▶ **GIVEN INFORMATION**:

*** Begin section ***

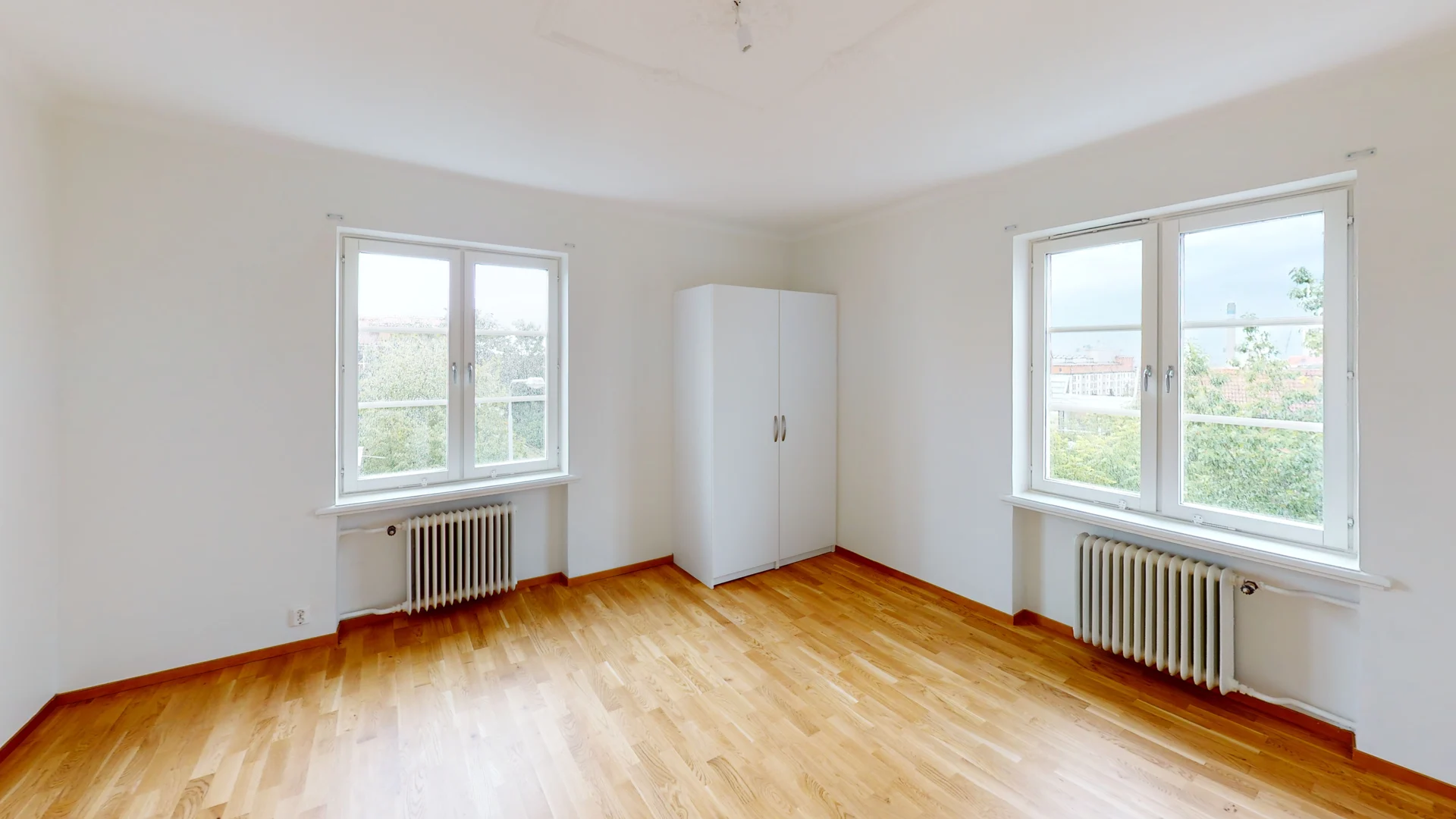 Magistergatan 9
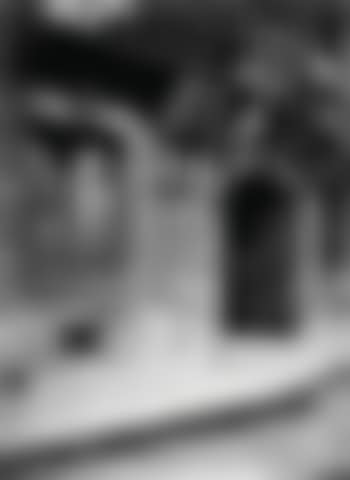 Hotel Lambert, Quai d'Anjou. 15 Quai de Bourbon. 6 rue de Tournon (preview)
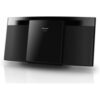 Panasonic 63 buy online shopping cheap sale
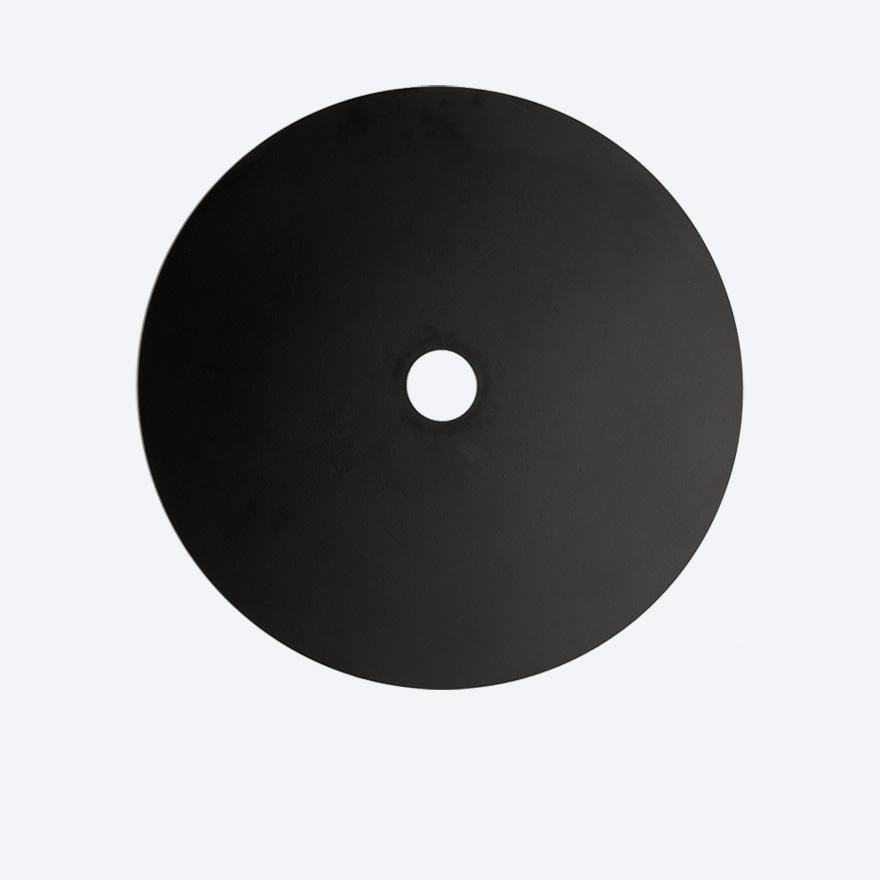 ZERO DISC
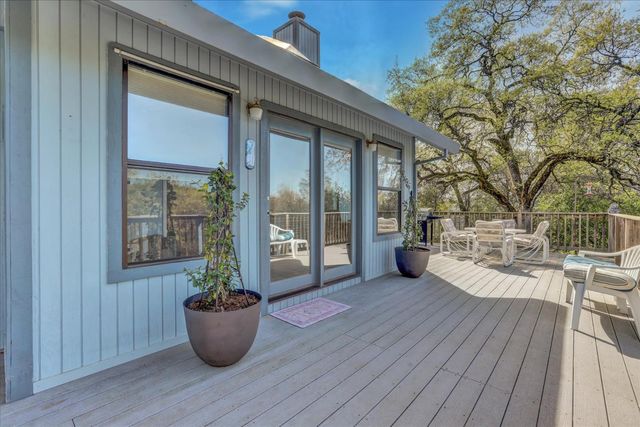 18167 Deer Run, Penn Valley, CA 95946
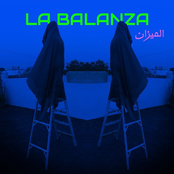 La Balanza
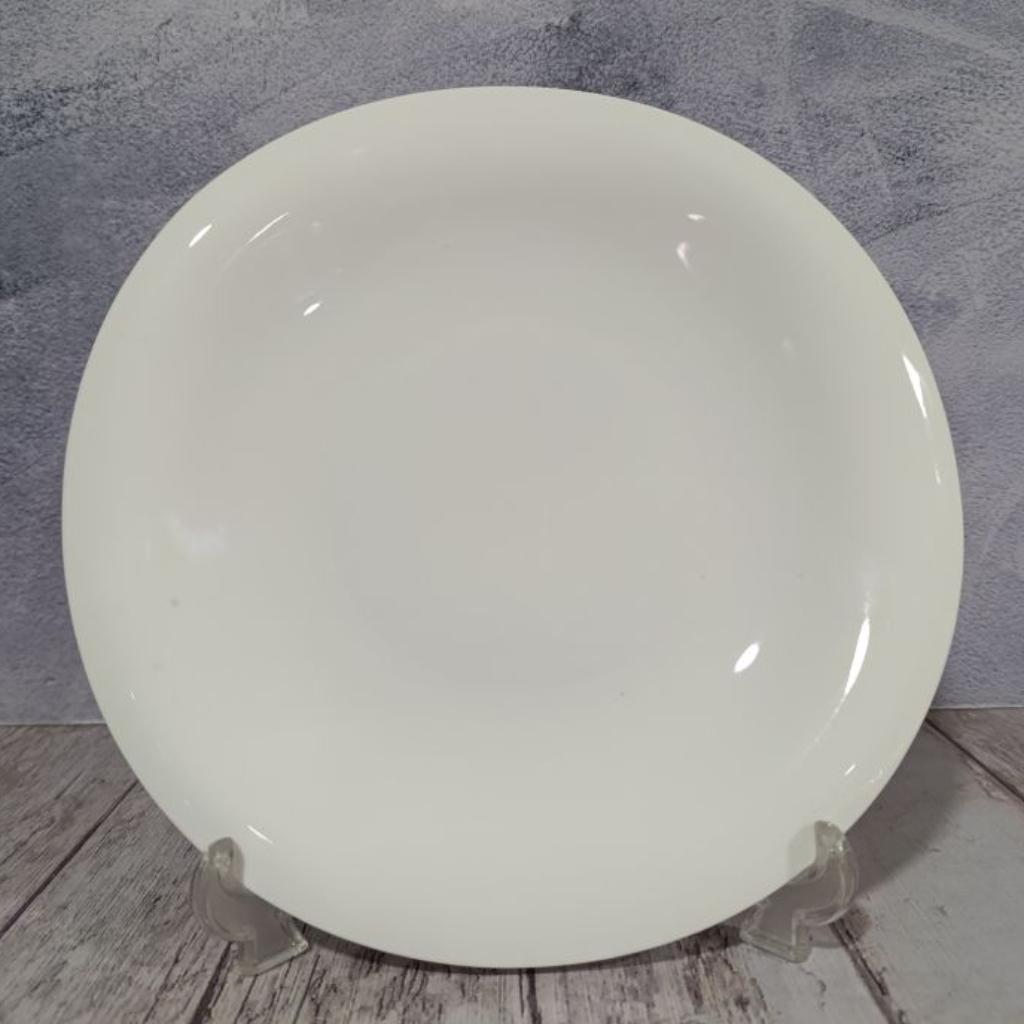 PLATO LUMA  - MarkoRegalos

*** End section ***
*** Begin section ***

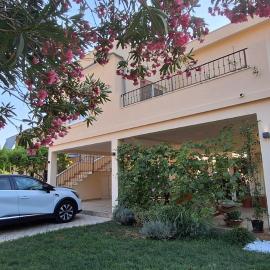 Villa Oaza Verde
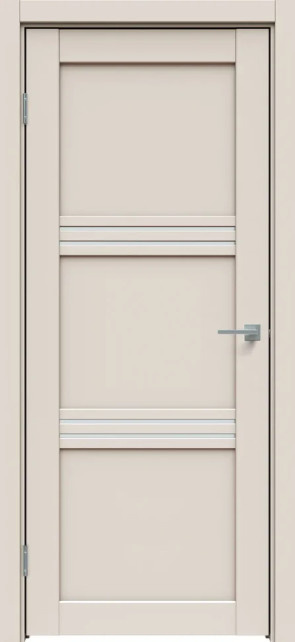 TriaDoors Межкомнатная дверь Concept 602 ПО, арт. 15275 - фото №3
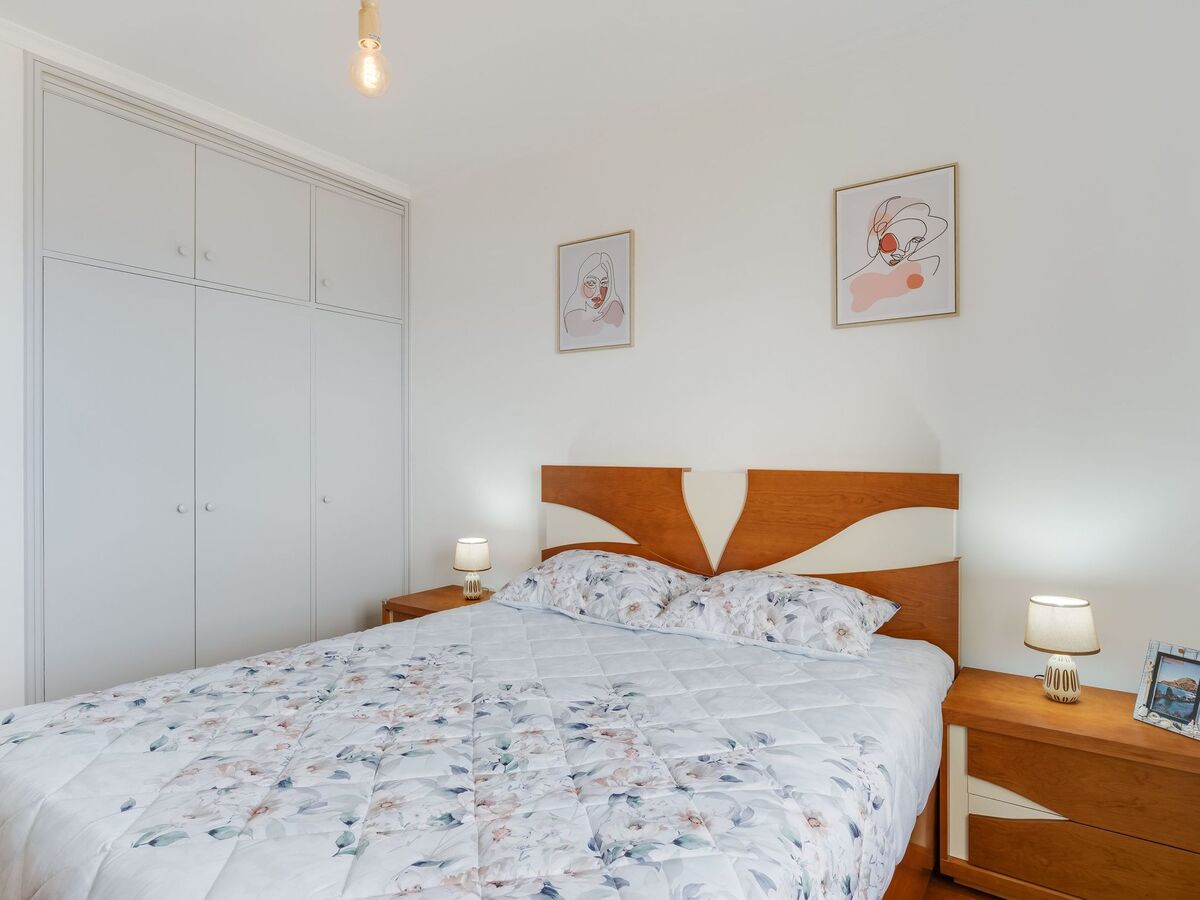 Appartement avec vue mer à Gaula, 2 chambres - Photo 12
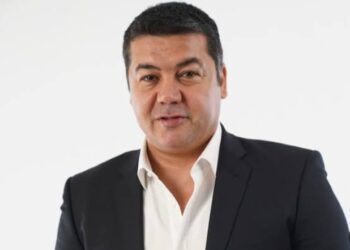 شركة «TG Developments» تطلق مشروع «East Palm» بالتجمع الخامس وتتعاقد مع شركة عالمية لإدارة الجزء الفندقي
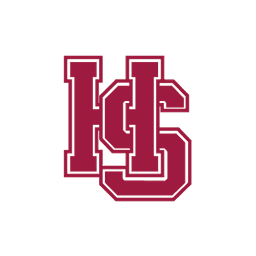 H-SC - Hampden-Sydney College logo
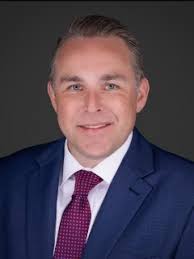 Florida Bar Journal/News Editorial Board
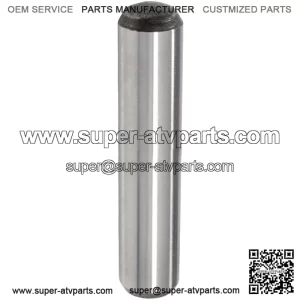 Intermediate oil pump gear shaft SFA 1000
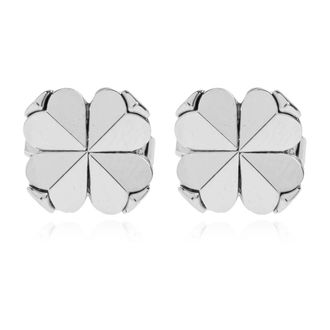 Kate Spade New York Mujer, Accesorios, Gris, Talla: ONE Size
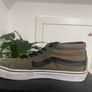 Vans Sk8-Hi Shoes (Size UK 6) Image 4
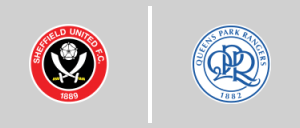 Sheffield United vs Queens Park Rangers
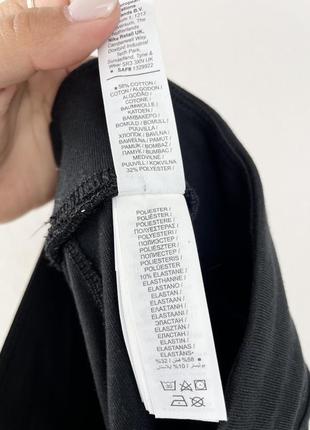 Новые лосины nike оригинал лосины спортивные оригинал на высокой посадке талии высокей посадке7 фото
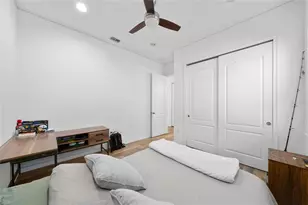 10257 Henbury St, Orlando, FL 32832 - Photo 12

*** End section ***
*** Begin section ***

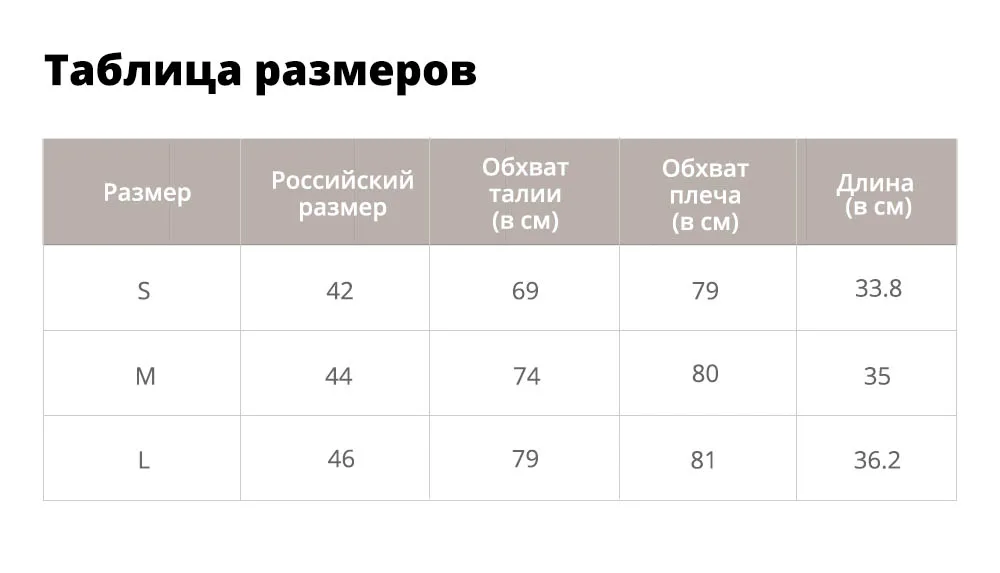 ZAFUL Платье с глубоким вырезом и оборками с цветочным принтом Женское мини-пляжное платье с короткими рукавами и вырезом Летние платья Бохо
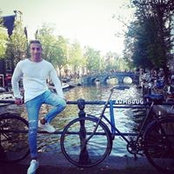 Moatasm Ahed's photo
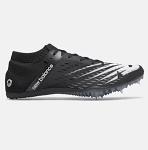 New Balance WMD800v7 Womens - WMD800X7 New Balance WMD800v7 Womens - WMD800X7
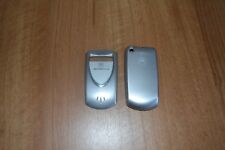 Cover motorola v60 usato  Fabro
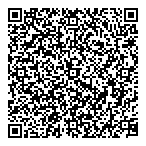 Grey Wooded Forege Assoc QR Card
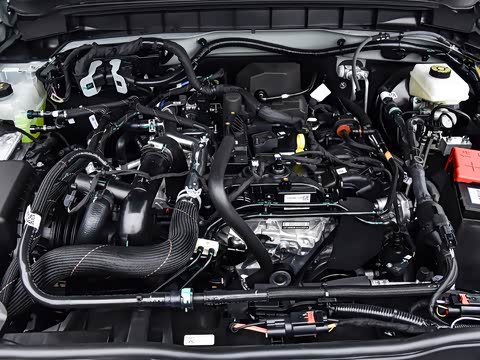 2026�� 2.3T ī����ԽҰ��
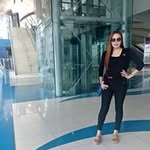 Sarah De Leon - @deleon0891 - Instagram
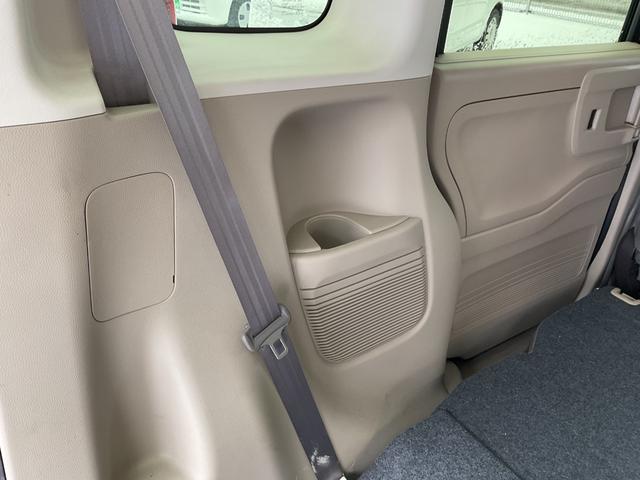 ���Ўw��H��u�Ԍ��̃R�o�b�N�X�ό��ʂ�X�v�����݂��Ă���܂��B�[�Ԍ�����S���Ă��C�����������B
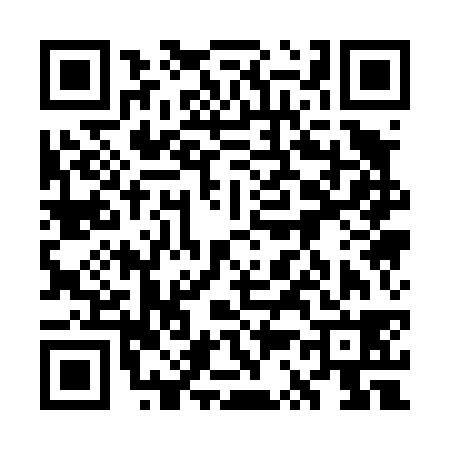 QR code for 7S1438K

*** End section ***

▶ **DIRECTIONS FOR THIS TASK**: Please return the data above exactly as it stands from the line with "Kate Spade New" to the line with "10257 Henbury St, Orlando, FL", keeping both of those lines but none of the pictures.

▶ **WRITTEN RESPONSE**:
 Kate Spade New York Mujer, Accesorios, Gris, Talla: ONE Size
 Vans Sk8-Hi Shoes (Size UK 6) Image 4
 Sheffield United vs Queens Park Rangers
 Новые лосины nike оригинал лосины спортивные оригинал на высокой посадке талии высокей посадке7 фото
 10257 Henbury St, Orlando, FL 32832 - Photo 12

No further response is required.